Consequently my parents decided to postpone the frustrating choice between the darkness of the Middle Ages and the Stalinist trap for another two years and send me for the time being to Mrs. Isabella Nahlieli's Children's Realm. The great advantage of her cat-ridden school was that it was literally within hailing distance of our home. You went out of our yard and turned left, passed the entrance to the Lembergs' and Mr. Auster's grocery shop, carefully crossed Amos Street opposite the Zahavis' balcony, went down Zechariah Street for thirty yards, crossed it carefully, and there you were: a wall covered with passionflowers, and a gray-white cat, the sentry cat, announcing your arrival from the window. up twenty-two steps, and you were hanging up your water bottle on the hook in the entrance to the smallest school in Jerusalem: two classes, two teachers, a dozen pupils, and nine cats.

37

WHEN I FINISHED
my year in the first grade, I passed from the volcanic realm of Teacher Isabella the cat herder into the cool, calm hands of Teacher Zelda in the second grade. She had no cats, but a sort of blue-gray aura surrounded her and at once beguiled and fascinated me.

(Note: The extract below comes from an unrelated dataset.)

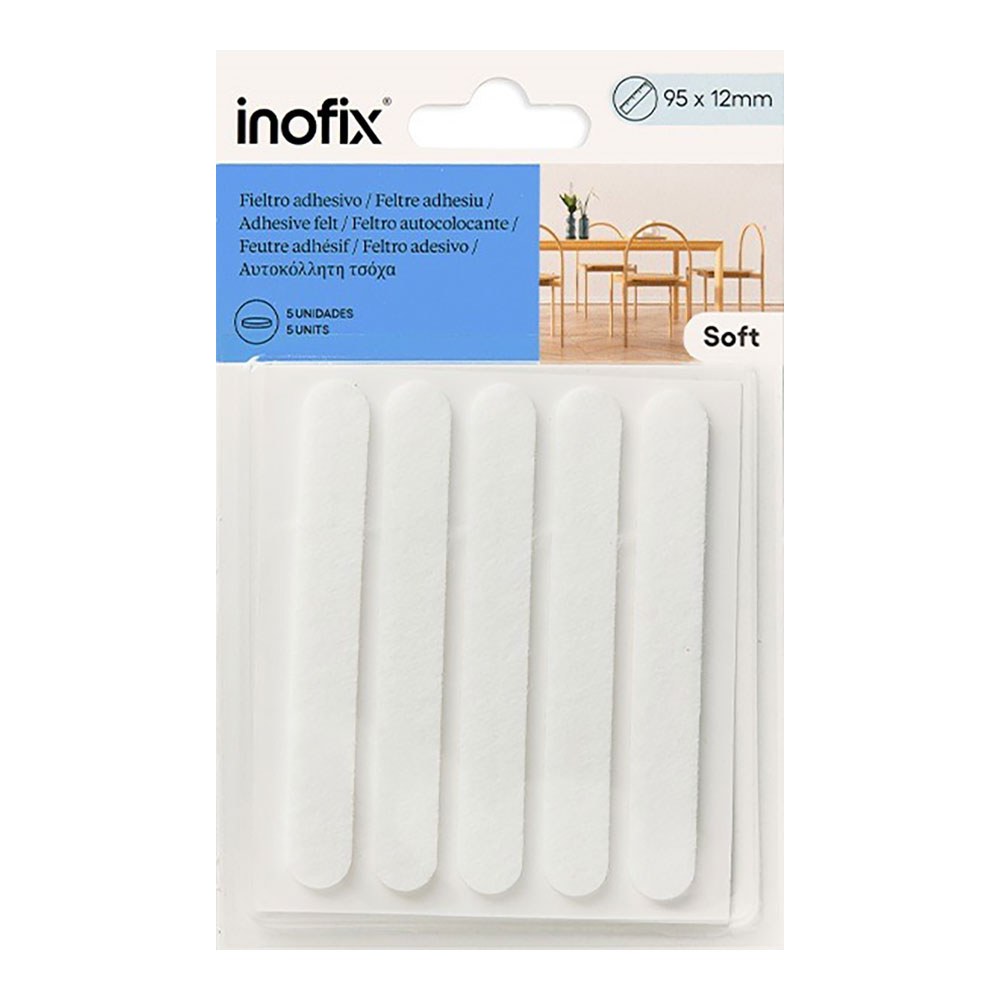 FIELTRO ADHESIVO, OLVALADO, SINTÉTICO, BLANCO, 95 x 12 mm, 5 uds, BLISTER - Imagen 2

Teacher Zelda talked so softly that if we wanted to hear what she was saying, we not only had to stop talking, we had to lean forward on our desks. Consequently we spent the whole morning leaning forward, because we did not want to miss a word. Everything that Teacher Zelda said was enchanting and rather unexpected. It was as if we were learning another language from her, not very different from Hebrew and yet distinctive and touching. She would call stars the "stars of heaven," the abyss was "the mighty abyss," and she spoke of "turbid rivers" and "nocturnal deserts." If you said something in class that she liked, Teacher Zelda would point to you and say softly: "Look, all of you, there's a child who's flooded with light" If one of the girls was daydreaming, Teacher Zelda explained to us that just as nobody can be blamed for being unable to sleep, so you couldn't hold Noa responsible for being unable to stay awake at times.

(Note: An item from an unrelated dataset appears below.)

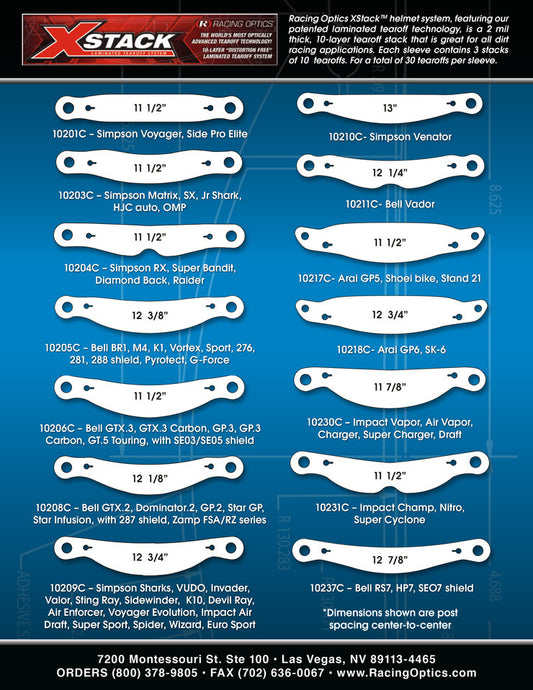 X Stack Helmet Tearoffs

Any kind of mockery Teacher Zelda called "poison." A lie she called "a Fall." Laziness was "leaden," and gossip "the eyes of the flesh." She called arrogance "wing-scorching," and giving anything up, even little things like an eraser or your turn to hand out the drawing paper, she called "making sparks." A couple of weeks before the festival of Purim, which was our favorite festival in the whole year, she suddenly announced: There may not be a Purim this year. It may be put out before it gets here.

Put out? A festival? We were all in a panic: we were not only afraid of missing Purim, but we felt a dark dread of these powerful, hidden forces, whose very existence we had not been told about before, that were capable, if they so wished, of lighting or putting out festivals as though they were so many matches.

Teacher Zelda did not bother to go into details but just hinted to us that the decision of whether to extinguish the festival depended mainly on her: she herself was somehow connected to the invisible forces that distinguished between festival and nonfestival, between sacred and profane. So if we didn't want the festival to be put out, we said to each other, it would be best for us to make a special effort to do at least the little we could to make sure Teacher Zelda was in a good mood with us. There is no such thing as a little, Teacher Zelda used to say, to someone who has nothing.